If you are running for president in the US during a Chinese crackdown on anything - from democracy advocates to separatists to Falungong worshippers - the script is the same, no matter your party: stern condemnation is required. Senator John McCain, the presumptive Republican nominee, along with the two remaining Democratic candidates - fellow senators Hillary Rodham Clinton and Barack Obama - have followed that script, winning easy applause along the campaign trail but doing nothing to help America understand its increasingly important and rapidly changing relationship with China.

To most Americans, China represents two things: totalitarian oppression and loads of cheap, often tainted and dangerous manufactured goods. After that, there is a huge void that needs to be filled, but don't count on that happening in an election year.

The most strident American response to the crisis in Tibet came from House Speaker Pelosi, long a fierce critic of China on trade and human-rights issues. Last week, Pelosi was the first major foreign official to meet with the Dalai Lama at his headquarters-in-exile in Dharamsala, India.

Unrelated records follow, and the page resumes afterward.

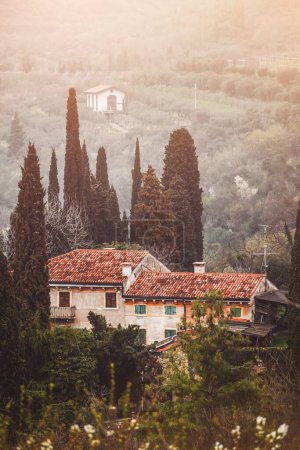 Photo for Picturesque view with hill at old authentic italian house. Verona Italy. - Royalty Free Image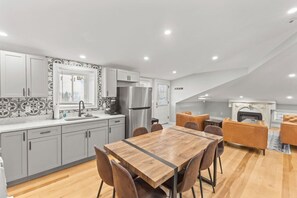 Eine moderne Küche mit grauen Schränken, einem Edelstahl-Kühlschrank und einem Essbereich mit Holztisch und braunen Stühlen.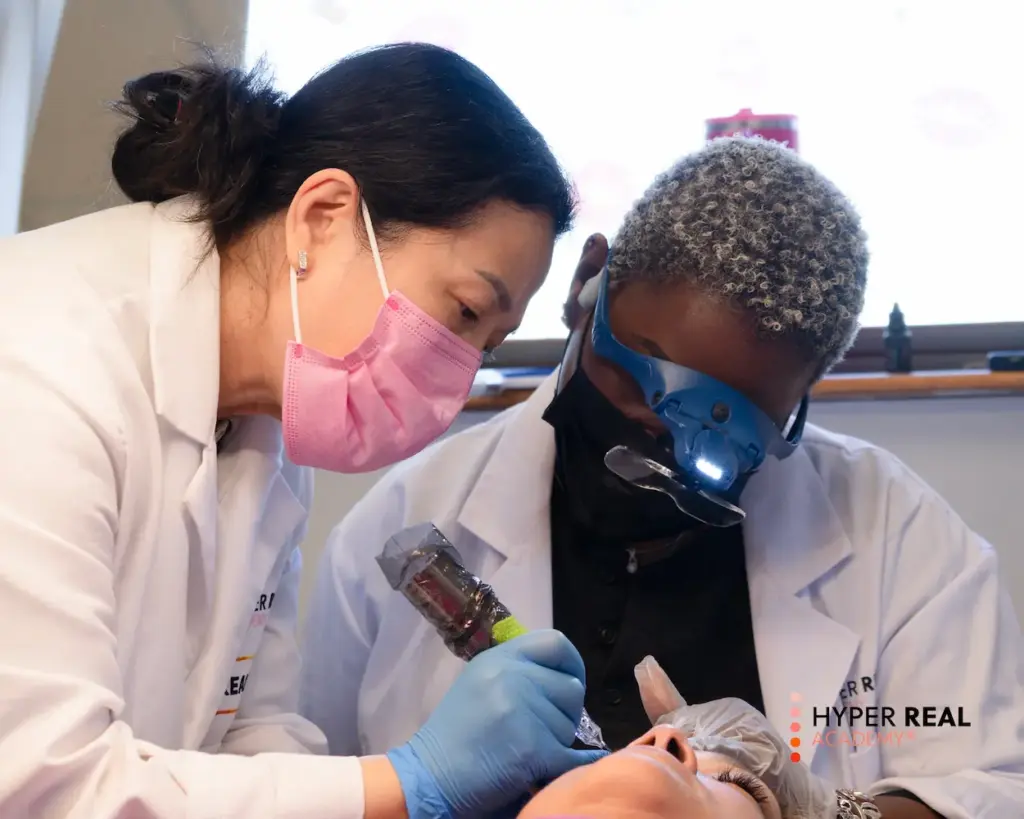 PMU training session. Three women in white lab coats and pink masks working on client's eyebrow. One operating PMU machine, two observing closely. Student photo or instructional demonstration with 'HYPER REAL' watermark.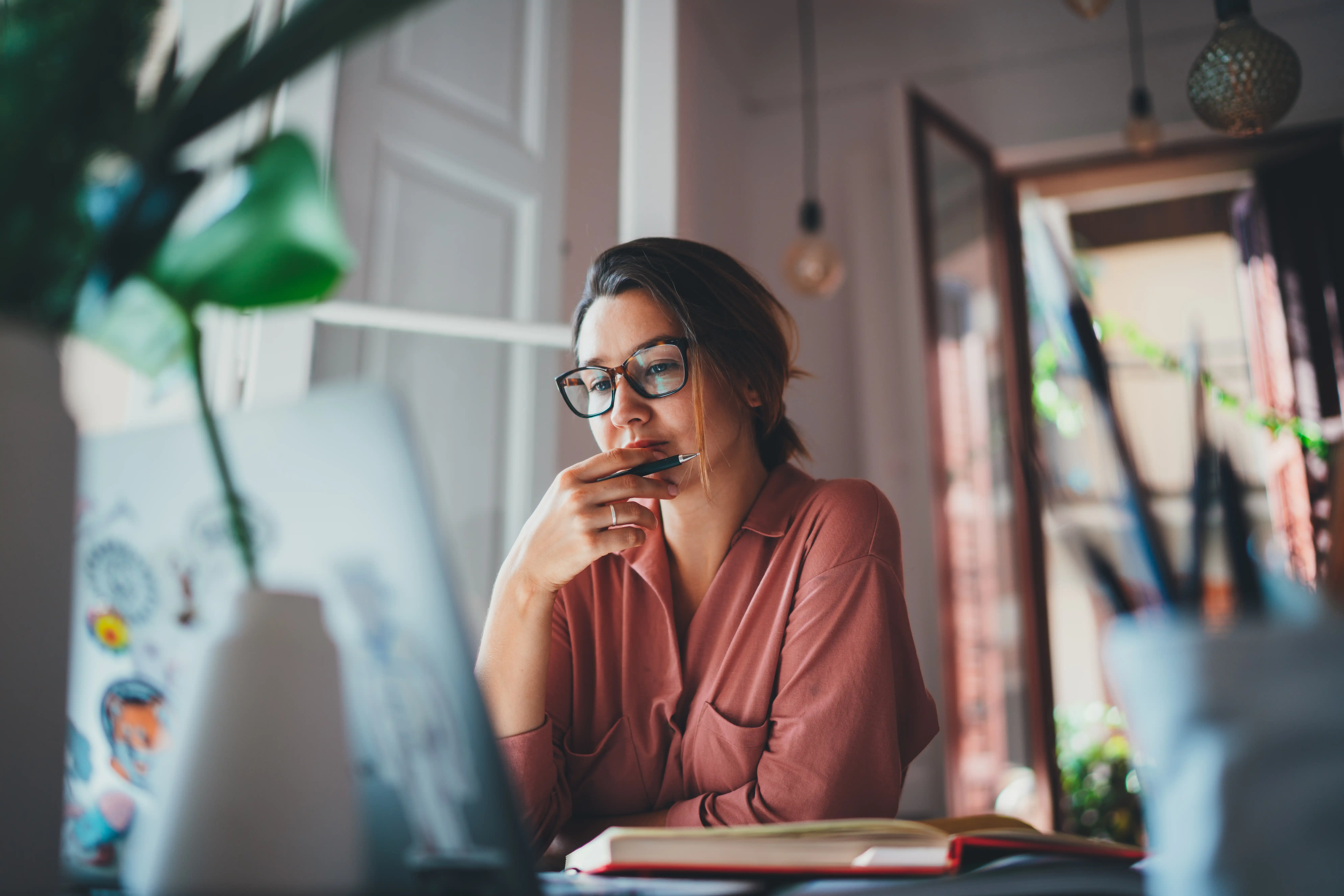 Thoughtful lady in glasses with pen at desk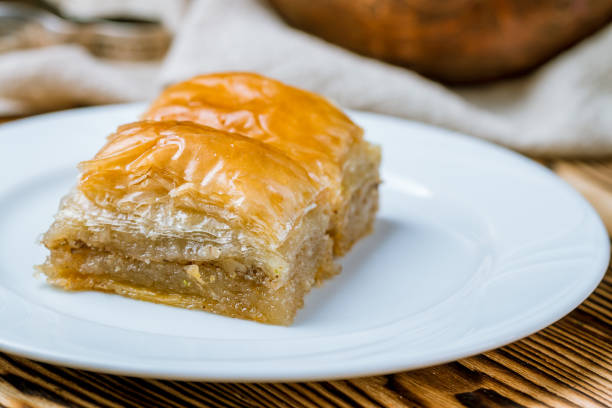 istock baklava with walnuts on wooden table. Turkish cuisine 1173982655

"If freedom-loving people throughout the world do not speak out against China's oppression in China and Tibet," she told thousands of cheering Tibetans in Dharamsala in India, "we have lost all moral authority to speak on behalf of human rights anywhere in the world."

Pelosi called for an international investigation into the violence in Tibet, but clearly she thought the Chinese government was responsible for most of it. "Nothing surprises me about the use of violence on the part of the Chinese government," she said.

Such remarks, of course, greatly pleased her host while absolutely infuriating Beijing, which denounced her through Xinhua as "a defender of arsonists, looters and killers". The prominent coverage given Pelosi's comments helps to explain the conviction of Chinese leaders that the Western media game is a losing proposition for them, especially in times of crisis. It is no wonder they expel foreign reporters from troubled areas, call news blackouts and then mount their own media campaign against Western powers. To the West, this is a gross violation of the basic principles of a free press. To the Chinese, it is a simple matter of protecting national interests from attacks that are rooted in ignorance and prejudice.

And it's true: not many in the West understand China's concern that separatists in Tibet could feed the flames of separatism in other places, such as the large northwestern autonomous region of Xinjiang, which borders Tibet.

Xinjiang, despite years of Han Chinese migration to the region, still has a majority Muslim population and a sometimes violent independence movement. Earlier this month, again according to state media, authorities foiled a terrorist attack on a China Southern Airlines flight that took off from the Xinjiang capital of Urumqi for Beijing. Details of the alleged attack were maddeningly sketchy, however, so it is hard to say what really happened.

Nevertheless, it is clear that Chinese leaders live in constant fear of those who would break up a nation that it has taken so much work (and so many lives) to put back together - and those fears are not confined to sprawling autonomous western regions but also include Hong Kong, which returned to the motherland in 1997 after more than 150 years of British rule. Taiwan - which Beijing claims as another stolen child and where China-friendly Ma Ying-jeou won a landslide victory in the presidential election last weekend over his more independence-minded rival, Frank Hsieh Chang-ting - also figures into the Tibet equation.

How much of this complex story will figure into the ongoing US presidential debate? Obama has courageously called for an honest national dialogue on racial differences. Who will be brave enough to call for an equally honest dialogue on US-China relations?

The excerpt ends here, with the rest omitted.